Data under study below:

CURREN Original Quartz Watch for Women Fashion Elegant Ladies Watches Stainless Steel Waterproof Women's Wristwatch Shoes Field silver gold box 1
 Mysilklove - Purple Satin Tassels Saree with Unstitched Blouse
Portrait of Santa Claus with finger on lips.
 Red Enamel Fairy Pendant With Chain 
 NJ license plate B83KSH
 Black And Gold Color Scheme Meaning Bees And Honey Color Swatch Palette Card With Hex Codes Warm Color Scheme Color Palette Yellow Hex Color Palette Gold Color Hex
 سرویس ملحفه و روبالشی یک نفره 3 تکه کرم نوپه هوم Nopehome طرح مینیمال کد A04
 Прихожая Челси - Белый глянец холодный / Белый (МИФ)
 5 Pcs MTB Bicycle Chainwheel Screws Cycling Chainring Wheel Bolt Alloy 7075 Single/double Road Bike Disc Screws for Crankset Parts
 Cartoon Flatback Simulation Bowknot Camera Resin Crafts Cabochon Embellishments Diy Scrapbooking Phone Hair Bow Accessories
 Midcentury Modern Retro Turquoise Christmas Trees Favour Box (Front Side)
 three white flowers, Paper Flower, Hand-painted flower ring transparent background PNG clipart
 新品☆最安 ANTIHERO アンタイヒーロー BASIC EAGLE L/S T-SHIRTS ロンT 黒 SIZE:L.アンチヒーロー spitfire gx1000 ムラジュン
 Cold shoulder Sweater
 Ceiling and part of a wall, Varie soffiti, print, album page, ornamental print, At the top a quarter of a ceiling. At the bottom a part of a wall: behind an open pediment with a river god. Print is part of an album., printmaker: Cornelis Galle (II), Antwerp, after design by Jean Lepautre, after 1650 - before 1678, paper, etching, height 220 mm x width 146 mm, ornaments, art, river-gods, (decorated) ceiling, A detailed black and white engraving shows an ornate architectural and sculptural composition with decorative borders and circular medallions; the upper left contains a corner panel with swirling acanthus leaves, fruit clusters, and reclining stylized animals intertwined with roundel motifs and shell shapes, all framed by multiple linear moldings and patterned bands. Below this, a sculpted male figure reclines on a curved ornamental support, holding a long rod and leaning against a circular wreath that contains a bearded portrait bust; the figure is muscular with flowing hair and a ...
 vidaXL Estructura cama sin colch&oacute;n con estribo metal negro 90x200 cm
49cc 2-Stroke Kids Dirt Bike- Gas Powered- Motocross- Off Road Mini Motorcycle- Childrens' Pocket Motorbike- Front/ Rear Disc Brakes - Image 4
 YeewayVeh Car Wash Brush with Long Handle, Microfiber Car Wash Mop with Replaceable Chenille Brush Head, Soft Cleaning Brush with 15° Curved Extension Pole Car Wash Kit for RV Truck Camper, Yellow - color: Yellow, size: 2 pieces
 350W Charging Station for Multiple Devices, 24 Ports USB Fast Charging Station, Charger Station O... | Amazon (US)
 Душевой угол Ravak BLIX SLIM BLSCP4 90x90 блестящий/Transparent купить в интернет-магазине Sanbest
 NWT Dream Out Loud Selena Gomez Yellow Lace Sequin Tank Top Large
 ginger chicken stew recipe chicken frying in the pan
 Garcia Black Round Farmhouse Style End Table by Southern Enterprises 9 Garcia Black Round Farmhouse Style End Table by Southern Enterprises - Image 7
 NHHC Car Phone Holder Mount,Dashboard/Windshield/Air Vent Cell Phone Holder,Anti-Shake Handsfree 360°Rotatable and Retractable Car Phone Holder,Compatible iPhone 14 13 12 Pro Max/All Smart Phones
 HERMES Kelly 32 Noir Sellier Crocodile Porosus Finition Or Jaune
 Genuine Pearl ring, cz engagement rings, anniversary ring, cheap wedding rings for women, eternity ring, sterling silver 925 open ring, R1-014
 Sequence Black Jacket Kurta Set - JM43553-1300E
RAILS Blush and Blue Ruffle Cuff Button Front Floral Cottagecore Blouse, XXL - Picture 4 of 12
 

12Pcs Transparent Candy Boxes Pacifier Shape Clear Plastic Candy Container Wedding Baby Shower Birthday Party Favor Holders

End of Data under study.

Line by line, output the records exactly as given.

Answer for this exercise:
CURREN Original Quartz Watch for Women Fashion Elegant Ladies Watches Stainless Steel Waterproof Women's Wristwatch Shoes Field silver gold box 1
 Mysilklove - Purple Satin Tassels Saree with Unstitched Blouse
Portrait of Santa Claus with finger on lips.
 Red Enamel Fairy Pendant With Chain 
 NJ license plate B83KSH
 Black And Gold Color Scheme Meaning Bees And Honey Color Swatch Palette Card With Hex Codes Warm Color Scheme Color Palette Yellow Hex Color Palette Gold Color Hex
 سرویس ملحفه و روبالشی یک نفره 3 تکه کرم نوپه هوم Nopehome طرح مینیمال کد A04
 Прихожая Челси - Белый глянец холодный / Белый (МИФ)
 5 Pcs MTB Bicycle Chainwheel Screws Cycling Chainring Wheel Bolt Alloy 7075 Single/double Road Bike Disc Screws for Crankset Parts
 Cartoon Flatback Simulation Bowknot Camera Resin Crafts Cabochon Embellishments Diy Scrapbooking Phone Hair Bow Accessories
 Midcentury Modern Retro Turquoise Christmas Trees Favour Box (Front Side)
 three white flowers, Paper Flower, Hand-painted flower ring transparent background PNG clipart
 新品☆最安 ANTIHERO アンタイヒーロー BASIC EAGLE L/S T-SHIRTS ロンT 黒 SIZE:L.アンチヒーロー spitfire gx1000 ムラジュン
 Cold shoulder Sweater
 Ceiling and part of a wall, Varie soffiti, print, album page, ornamental print, At the top a quarter of a ceiling. At the bottom a part of a wall: behind an open pediment with a river god. Print is part of an album., printmaker: Cornelis Galle (II), Antwerp, after design by Jean Lepautre, after 1650 - before 1678, paper, etching, height 220 mm x width 146 mm, ornaments, art, river-gods, (decorated) ceiling, A detailed black and white engraving shows an ornate architectural and sculptural composition with decorative borders and circular medallions; the upper left contains a corner panel with swirling acanthus leaves, fruit clusters, and reclining stylized animals intertwined with roundel motifs and shell shapes, all framed by multiple linear moldings and patterned bands. Below this, a sculpted male figure reclines on a curved ornamental support, holding a long rod and leaning against a circular wreath that contains a bearded portrait bust; the figure is muscular with flowing hair and a ...
 vidaXL Estructura cama sin colch&oacute;n con estribo metal negro 90x200 cm
49cc 2-Stroke Kids Dirt Bike- Gas Powered- Motocross- Off Road Mini Motorcycle- Childrens' Pocket Motorbike- Front/ Rear Disc Brakes - Image 4
 YeewayVeh Car Wash Brush with Long Handle, Microfiber Car Wash Mop with Replaceable Chenille Brush Head, Soft Cleaning Brush with 15° Curved Extension Pole Car Wash Kit for RV Truck Camper, Yellow - color: Yellow, size: 2 pieces
 350W Charging Station for Multiple Devices, 24 Ports USB Fast Charging Station, Charger Station O... | Amazon (US)
 Душевой угол Ravak BLIX SLIM BLSCP4 90x90 блестящий/Transparent купить в интернет-магазине Sanbest
 NWT Dream Out Loud Selena Gomez Yellow Lace Sequin Tank Top Large
 ginger chicken stew recipe chicken frying in the pan
 Garcia Black Round Farmhouse Style End Table by Southern Enterprises 9 Garcia Black Round Farmhouse Style End Table by Southern Enterprises - Image 7
 NHHC Car Phone Holder Mount,Dashboard/Windshield/Air Vent Cell Phone Holder,Anti-Shake Handsfree 360°Rotatable and Retractable Car Phone Holder,Compatible iPhone 14 13 12 Pro Max/All Smart Phones
 HERMES Kelly 32 Noir Sellier Crocodile Porosus Finition Or Jaune
 Genuine Pearl ring, cz engagement rings, anniversary ring, cheap wedding rings for women, eternity ring, sterling silver 925 open ring, R1-014
 Sequence Black Jacket Kurta Set - JM43553-1300E
RAILS Blush and Blue Ruffle Cuff Button Front Floral Cottagecore Blouse, XXL - Picture 4 of 12
 

12Pcs Transparent Candy Boxes Pacifier Shape Clear Plastic Candy Container Wedding Baby Shower Birthday Party Favor Holders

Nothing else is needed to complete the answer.